**DESCRIPTION OF THE TASK:**
Set down every entry exactly as it stands, omitting any picture.

**EXCERPTED DATA:**
◇ ◇ ◇ ◇

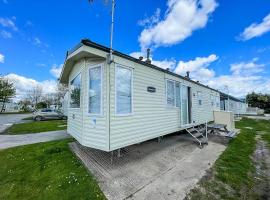 Great 8 Berth Caravan With Wifi At Dovercourt Holiday Park In Essex Ref 44003c, glamping site in Great Oakley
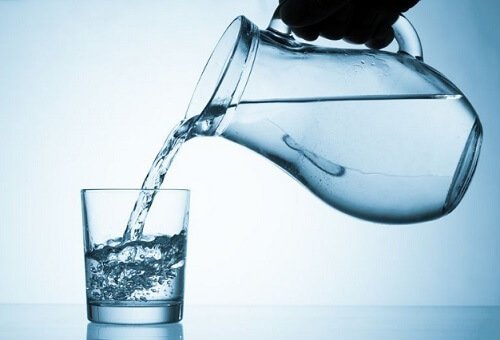 Bere acqua
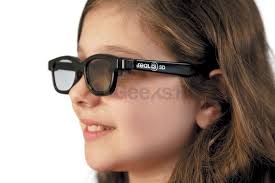 A gyerekek szemét védi az új PC-szemüveg
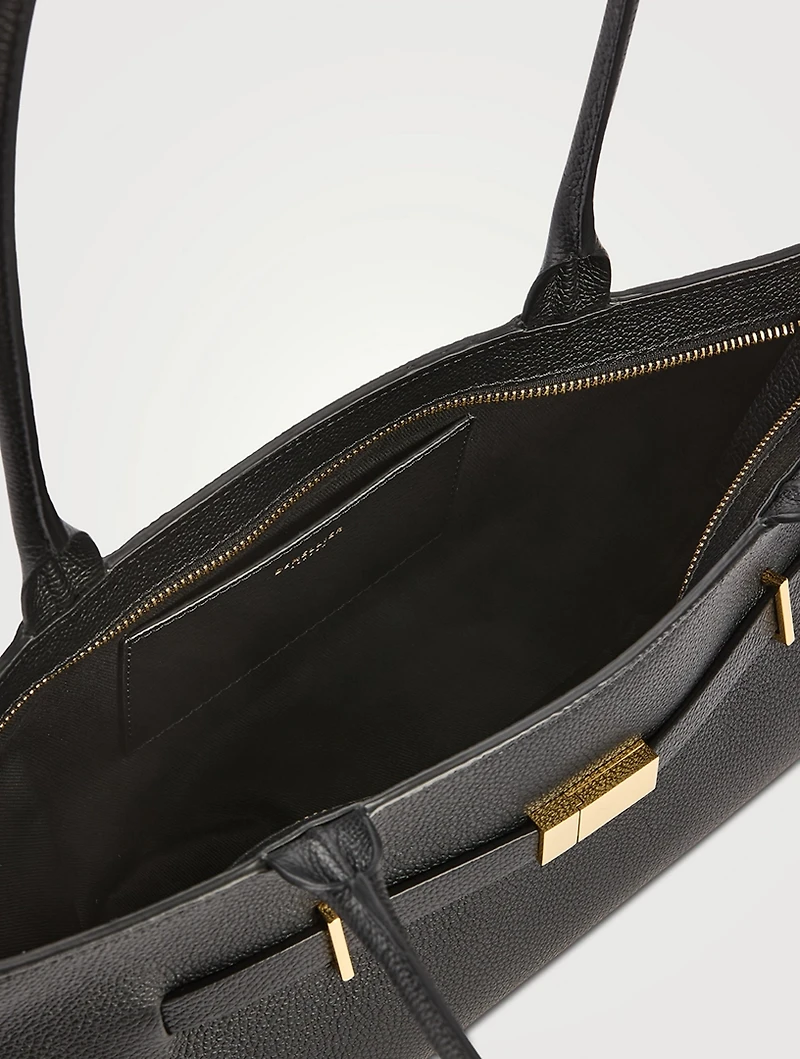 The New York Leather Shoulder Bag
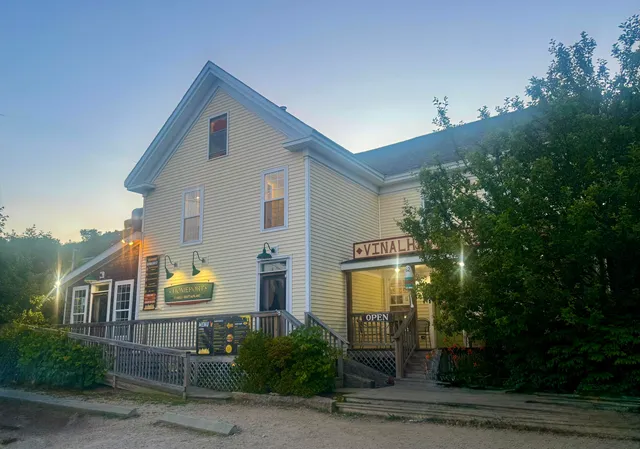 $749,000 | 62 West Main Street, Vinalhaven, ME 04863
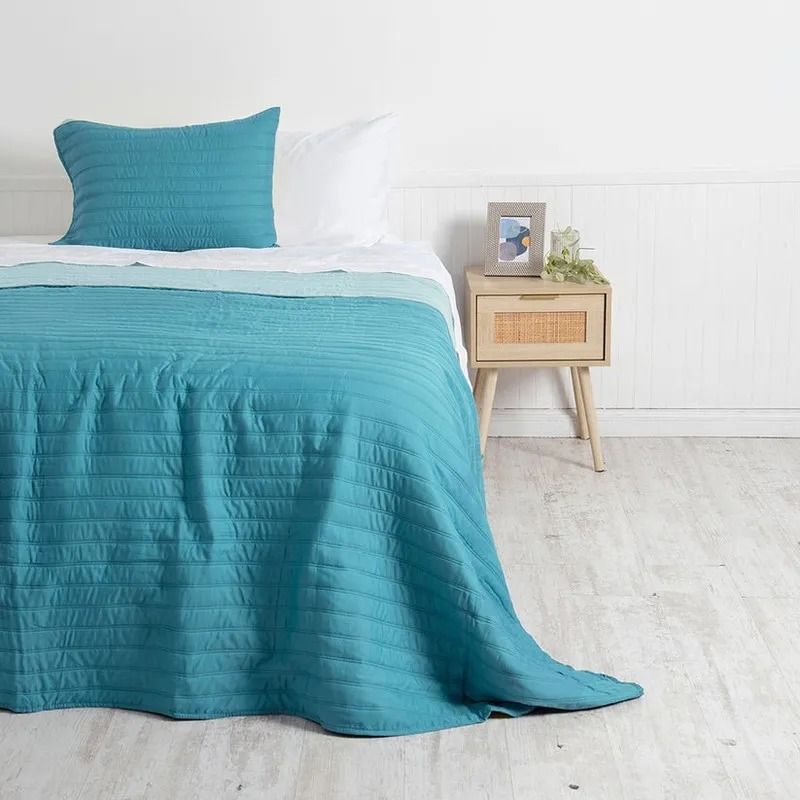 MASHINI - Quilt Toledo apto 1pl- 15pl Mashini Diseño Moderno Calipso Celeste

◇ ◇ ◇ ◇

**SOLUTION FOR THIS EXERCISE:**
 Great 8 Berth Caravan With Wifi At Dovercourt Holiday Park In Essex Ref 44003c, glamping site in Great Oakley
 Bere acqua
 A gyerekek szemét védi az új PC-szemüveg
 The New York Leather Shoulder Bag
 $749,000 | 62 West Main Street, Vinalhaven, ME 04863
 MASHINI - Quilt Toledo apto 1pl- 15pl Mashini Diseño Moderno Calipso Celeste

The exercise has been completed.